* [PROMPT]: Output exactly the lines from the one with "Engineering the Nearly" through the last line of the data below, both included, and nothing more.

* [STORED DATA]:
= Beginning of Section =
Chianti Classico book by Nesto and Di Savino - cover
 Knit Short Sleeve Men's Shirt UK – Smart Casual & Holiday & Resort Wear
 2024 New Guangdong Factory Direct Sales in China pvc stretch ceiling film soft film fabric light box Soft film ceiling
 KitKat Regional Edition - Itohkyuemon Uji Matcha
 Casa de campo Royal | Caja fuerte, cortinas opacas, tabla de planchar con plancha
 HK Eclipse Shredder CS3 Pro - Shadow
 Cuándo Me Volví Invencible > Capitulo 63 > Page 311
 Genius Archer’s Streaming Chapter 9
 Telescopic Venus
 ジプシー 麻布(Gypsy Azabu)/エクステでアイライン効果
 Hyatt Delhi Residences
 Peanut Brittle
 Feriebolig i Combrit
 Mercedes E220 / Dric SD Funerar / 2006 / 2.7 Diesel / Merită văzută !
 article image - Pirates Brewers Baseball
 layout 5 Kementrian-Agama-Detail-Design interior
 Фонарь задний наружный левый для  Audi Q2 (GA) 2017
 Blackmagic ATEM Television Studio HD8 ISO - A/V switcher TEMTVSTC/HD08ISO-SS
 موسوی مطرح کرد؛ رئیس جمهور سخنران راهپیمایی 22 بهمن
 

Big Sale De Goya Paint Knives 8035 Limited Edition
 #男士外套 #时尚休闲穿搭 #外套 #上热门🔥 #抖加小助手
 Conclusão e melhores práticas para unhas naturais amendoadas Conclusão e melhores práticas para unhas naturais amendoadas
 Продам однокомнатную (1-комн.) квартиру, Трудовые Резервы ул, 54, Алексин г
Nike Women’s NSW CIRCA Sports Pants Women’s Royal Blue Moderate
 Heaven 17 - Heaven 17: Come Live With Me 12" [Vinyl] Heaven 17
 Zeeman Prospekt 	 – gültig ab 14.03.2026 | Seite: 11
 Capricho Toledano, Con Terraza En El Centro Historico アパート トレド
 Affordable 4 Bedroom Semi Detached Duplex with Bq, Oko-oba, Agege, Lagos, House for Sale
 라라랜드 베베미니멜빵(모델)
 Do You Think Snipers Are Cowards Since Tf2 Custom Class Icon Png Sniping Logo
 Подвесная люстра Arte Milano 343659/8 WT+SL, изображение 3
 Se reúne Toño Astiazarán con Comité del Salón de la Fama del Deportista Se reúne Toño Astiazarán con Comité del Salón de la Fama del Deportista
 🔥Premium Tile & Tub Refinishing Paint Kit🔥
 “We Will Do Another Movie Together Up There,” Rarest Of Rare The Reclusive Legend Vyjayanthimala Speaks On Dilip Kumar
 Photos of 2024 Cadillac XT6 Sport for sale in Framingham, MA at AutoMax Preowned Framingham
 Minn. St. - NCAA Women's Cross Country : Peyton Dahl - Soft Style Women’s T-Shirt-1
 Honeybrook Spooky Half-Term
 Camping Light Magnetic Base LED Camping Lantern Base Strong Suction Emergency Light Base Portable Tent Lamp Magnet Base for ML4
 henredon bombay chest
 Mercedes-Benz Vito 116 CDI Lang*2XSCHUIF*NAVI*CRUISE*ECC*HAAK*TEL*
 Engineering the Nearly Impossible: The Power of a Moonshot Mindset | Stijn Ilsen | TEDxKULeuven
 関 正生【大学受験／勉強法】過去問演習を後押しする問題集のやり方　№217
= End of Section =
* [EXERCISE SOLUTION]:
 Engineering the Nearly Impossible: The Power of a Moonshot Mindset | Stijn Ilsen | TEDxKULeuven
 関 正生【大学受験／勉強法】過去問演習を後押しする問題集のやり方　№217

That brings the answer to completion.